One catchphrase rolling around concerns the idea of
General Motors and Chrysler merging. They want to consolidate for several good reasons, but one bad reason is so that they can combine their joint interests in the GMAC credit organization into a bank holding company that will qualify
for support from the U.S. Treasury’s bailout program. The rhetorical justification for this incredibly complex proposal is that a combination of GM and Chrysler would be “too big to fail.”
Just a month ago, General Motors alone (as well as Chrysler alone, and that other automaker, too, which I’m leaving out of this so as not to insult by association) was too big to fail — which was one reason the federal government was persuaded to
extend loan guarantees that would help them catch up with their global competitors in alternative-fuel technology.

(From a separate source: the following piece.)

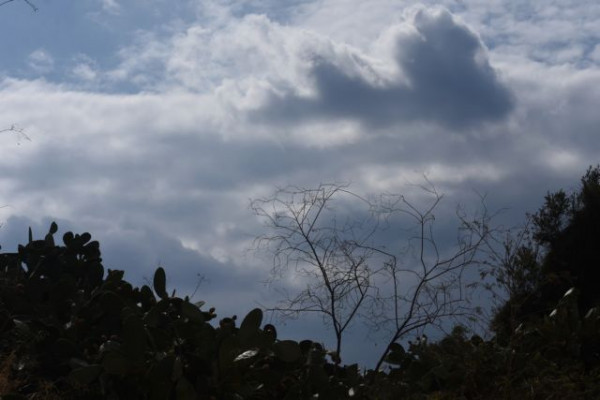 Υπό το μηδέν η θερμοκρασία σε περιοχές της Βόρειας Ελλάδας – Πού έδειξε το θερμότερο έως -4,5 βαθμούς Κελσίου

Now, the proposition is that without some move to consolidate their businesses, because of poor sales and weak credit, GM and Chrysler will run out of cash within the next year or so. I’m not an economist or a financial expert, so I won’t contest that point. I trust GM and Chrysler to know where they stand, financially.
I’m challenging this idea that such a combination would be “too big to fail.” It sounds persuasive, but it’s just words.
A few weeks ago I
offered that bankruptcy would be the best route to recovery in the automotive industry, and I still believe it. A lot of people
(correctly) point out that bankruptcy would punish Tier 2 and Tier 3 suppliers, as well as lots of
communities and some states.
That may be true, though I think it’s probably overstated. Keep in mind that the only way for automakers to succeed is to keep investors
and car buyers enthusiastically involved with their enterprise. If GM and/or Chrysler is not engaging these markets, some other automaker will do it.

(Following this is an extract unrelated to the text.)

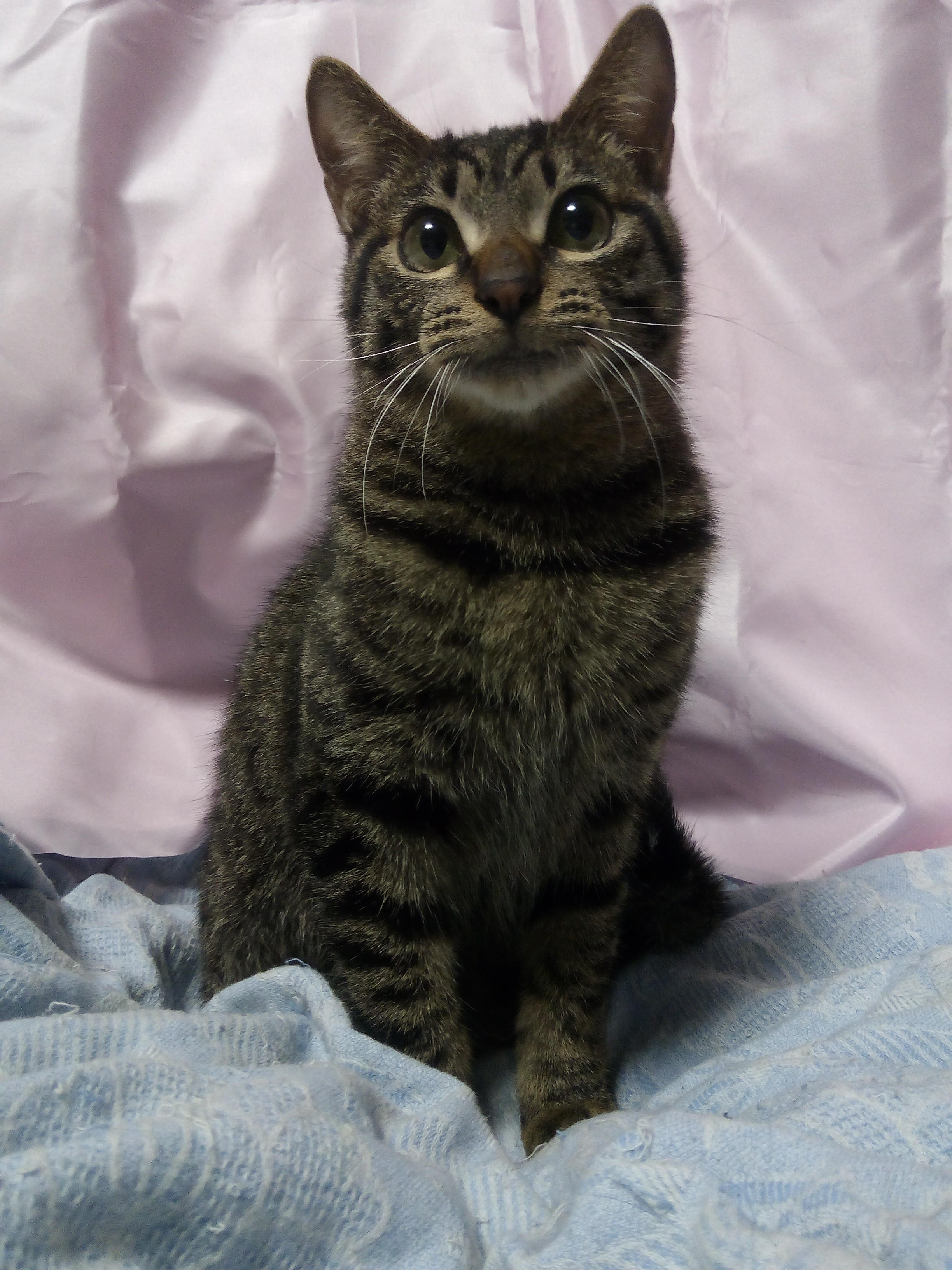 わんにゃんサイトの猫の写真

The thing that bankruptcy would do is speed the restructuring of GM (and/or Chrysler) into an enterprise that will engage the market once again. Bankruptcy would revalue assets — which cannot happen amid the current chaos. It would attract new capital. It would identify viable projects and eliminate superfluous activities. It would clarify future obligations, eliminating what’s unnecessary, unfeasible, or impossible.
The reason bankruptcy is a better route to recovery is that the problems for GM and Chrysler are not simply their past mistakes but, much more serious, their future liabilities. A merger would take the best of what’s currently available, but it would still have to address future obligations: wages, pensions, franchise commitments, and many others, not to mention their technological and manufacturing issues.

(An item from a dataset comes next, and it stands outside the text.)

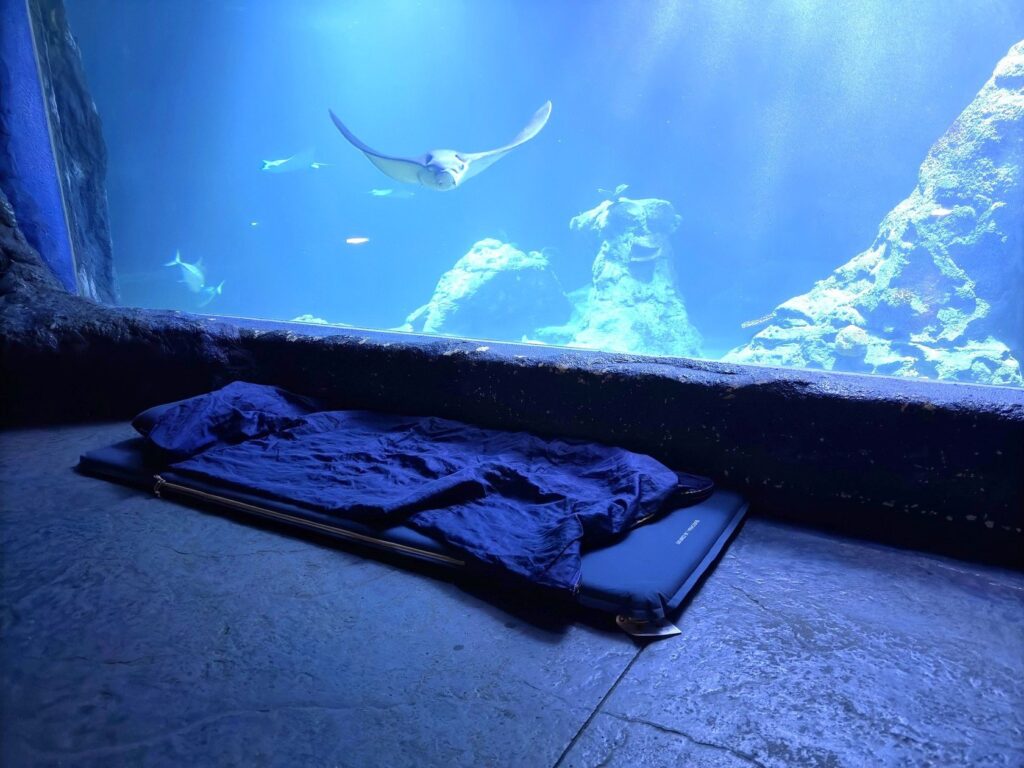 Nocowanie w Afrykarium: Spend the Night Surrounded by Sharks and Rays in Wrocław!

Bankruptcy would not come without
cost or impact, but a merger would have to bring the new organization to many of those same conclusions, and would do so less efficiently. And the outcry over those cuts would be worse, because at that point they will have ripped through more federal money. The government may be willing, but it’s unable to fix this problem.
The market will fix it. Not the financial market that’s trying cut its losses by concocting this “too big” merger. The consumer market will restore this industry: the market of savvy investors seeking a great deal, of creative designers and engineers proposing solutions, of clever managers offering new approaches, and of optimistic car buyers looking for something new.